• Instructions for the task: Below are the records; extract from them the line containing "Then in the" to the line containing "This will allow", both lines included, exactly and with no pictures.

• Data for processing:
========================

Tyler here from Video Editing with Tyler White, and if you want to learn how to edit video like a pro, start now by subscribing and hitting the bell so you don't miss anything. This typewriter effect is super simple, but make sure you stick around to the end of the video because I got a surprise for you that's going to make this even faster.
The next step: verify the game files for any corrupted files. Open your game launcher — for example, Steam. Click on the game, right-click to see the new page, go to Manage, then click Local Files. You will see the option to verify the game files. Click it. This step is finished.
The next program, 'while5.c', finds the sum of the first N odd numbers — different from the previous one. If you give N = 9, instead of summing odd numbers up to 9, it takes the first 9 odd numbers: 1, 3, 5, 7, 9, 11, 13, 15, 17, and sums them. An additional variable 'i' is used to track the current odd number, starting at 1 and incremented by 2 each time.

========================

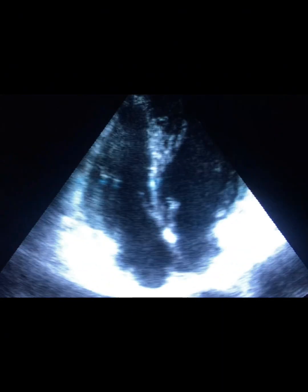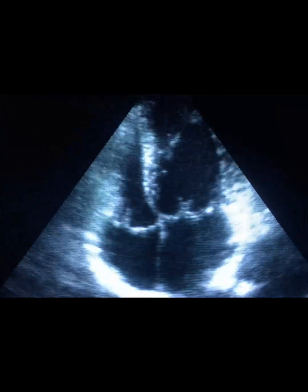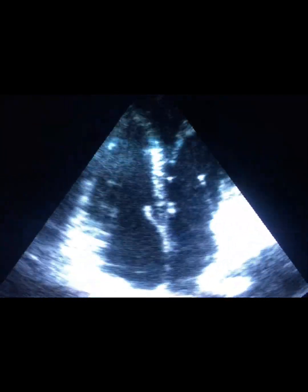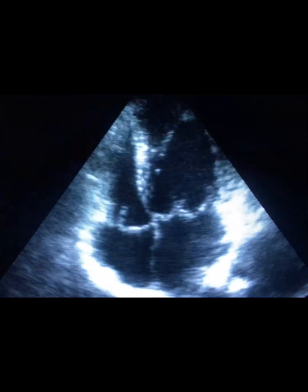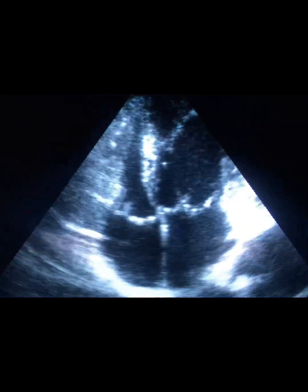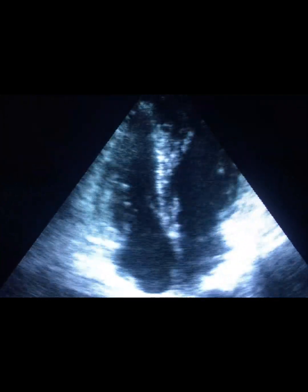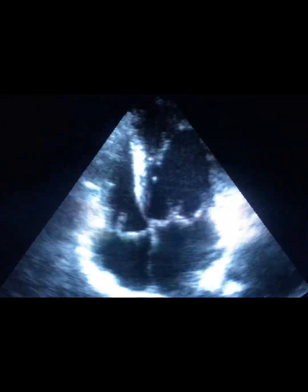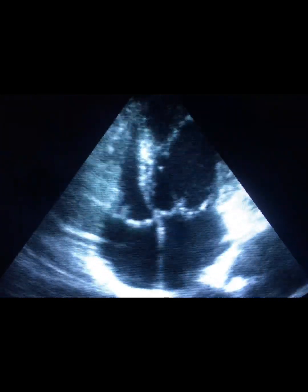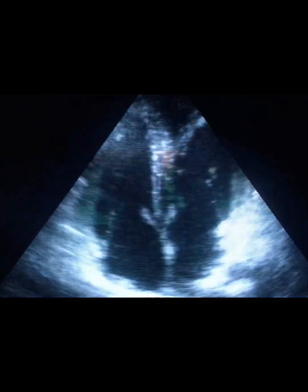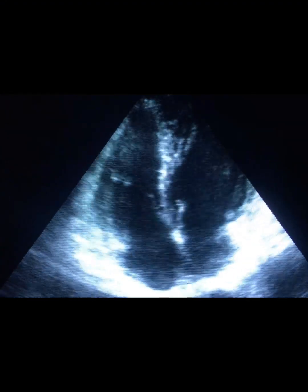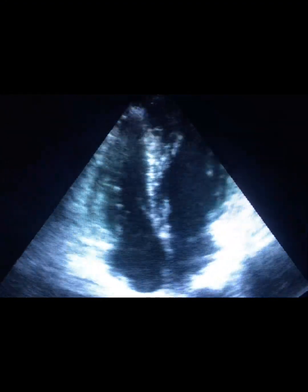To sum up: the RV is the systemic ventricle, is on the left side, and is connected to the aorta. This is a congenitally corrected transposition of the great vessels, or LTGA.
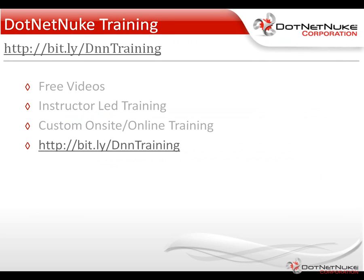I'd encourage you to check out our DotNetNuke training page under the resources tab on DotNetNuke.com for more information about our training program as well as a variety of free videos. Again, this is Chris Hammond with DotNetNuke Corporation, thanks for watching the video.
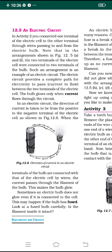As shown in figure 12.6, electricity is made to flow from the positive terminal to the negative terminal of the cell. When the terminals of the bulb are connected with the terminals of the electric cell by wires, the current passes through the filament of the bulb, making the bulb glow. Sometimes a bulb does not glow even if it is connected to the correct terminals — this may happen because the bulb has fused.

========================

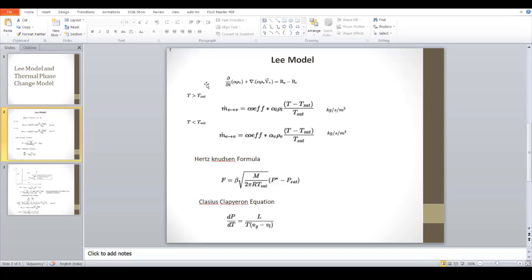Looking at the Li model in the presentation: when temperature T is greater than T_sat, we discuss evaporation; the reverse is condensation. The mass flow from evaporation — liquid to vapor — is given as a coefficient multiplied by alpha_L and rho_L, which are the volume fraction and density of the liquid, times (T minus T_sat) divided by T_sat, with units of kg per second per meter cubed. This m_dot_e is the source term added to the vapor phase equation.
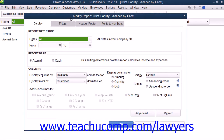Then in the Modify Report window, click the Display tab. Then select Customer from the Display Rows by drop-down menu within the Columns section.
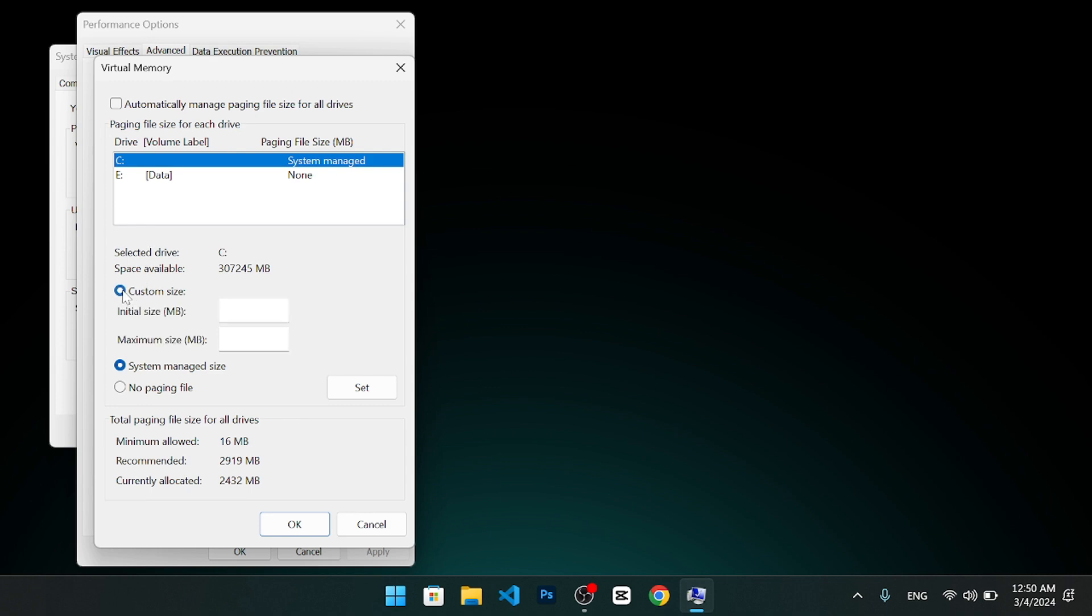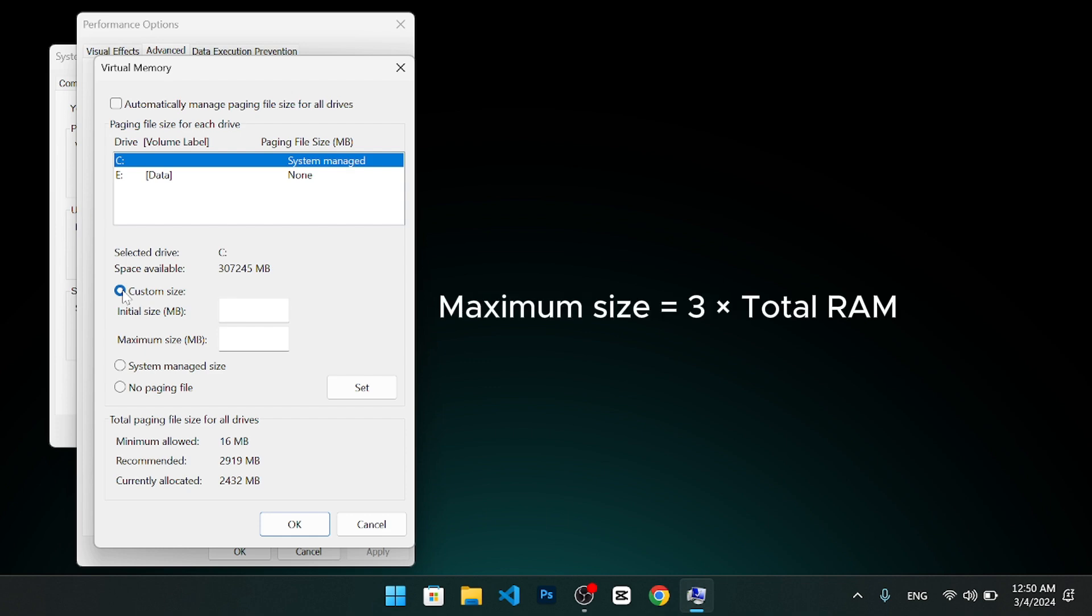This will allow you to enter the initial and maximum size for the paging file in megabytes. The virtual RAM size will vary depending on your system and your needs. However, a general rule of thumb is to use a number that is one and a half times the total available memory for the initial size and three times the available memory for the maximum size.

========================

• Solution to this exercise:
Then in the Modify Report window, click the Display tab. Then select Customer from the Display Rows by drop-down menu within the Columns section.
This will allow you to enter the initial and maximum size for the paging file in megabytes. The virtual RAM size will vary depending on your system and your needs. However, a general rule of thumb is to use a number that is one and a half times the total available memory for the initial size and three times the available memory for the maximum size.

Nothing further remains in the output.